— Problem —
Take the entries below and reproduce exactly the portion that begins at the line containing "Photo 16 of" and ends at the line containing "เสื้อเชิ้ตแขนสั้นพิมพ์ลายลำลองสำหรับผู้ชาย สีฟ้าอมเขียว ปกคอพับ", keeping both ends, dropping pictures, and adding nothing else.

— The input —
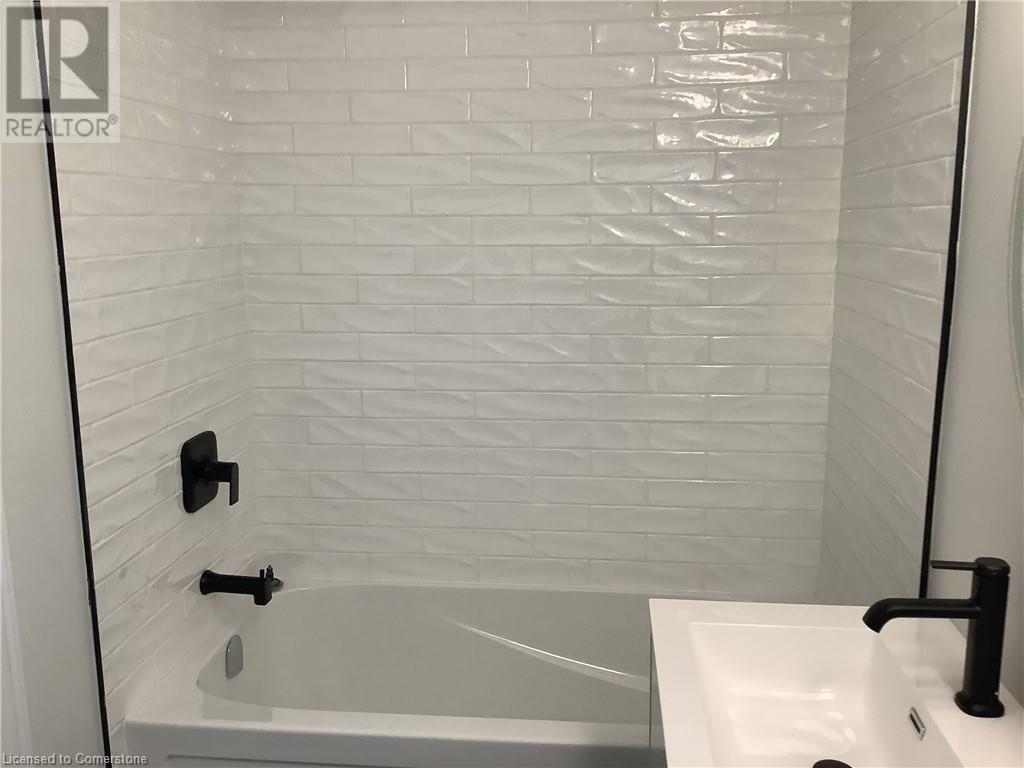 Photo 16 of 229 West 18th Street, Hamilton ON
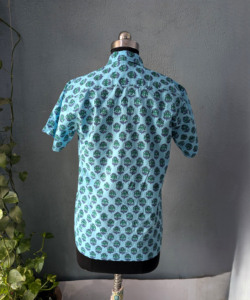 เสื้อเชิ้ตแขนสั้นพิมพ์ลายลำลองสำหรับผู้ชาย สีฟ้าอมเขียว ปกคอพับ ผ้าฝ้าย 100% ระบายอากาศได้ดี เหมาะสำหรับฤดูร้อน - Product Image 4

* * *

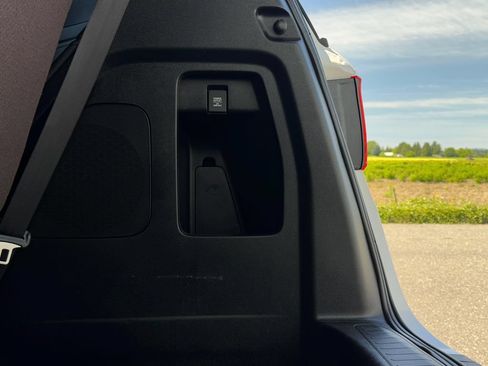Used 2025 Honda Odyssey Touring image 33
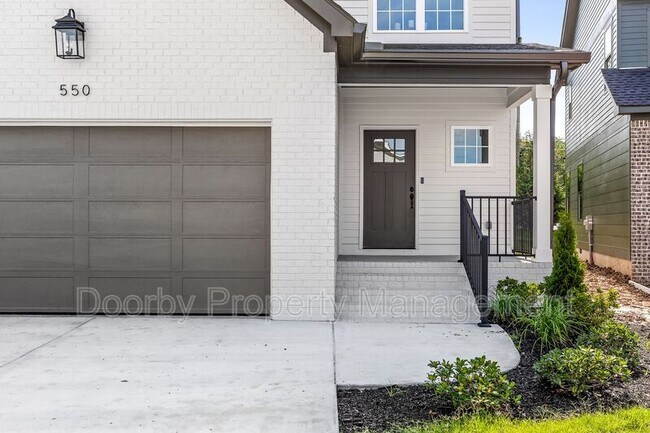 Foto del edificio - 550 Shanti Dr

— Answer area —
 Photo 16 of 229 West 18th Street, Hamilton ON
 เสื้อเชิ้ตแขนสั้นพิมพ์ลายลำลองสำหรับผู้ชาย สีฟ้าอมเขียว ปกคอพับ ผ้าฝ้าย 100% ระบายอากาศได้ดี เหมาะสำหรับฤดูร้อน - Product Image 4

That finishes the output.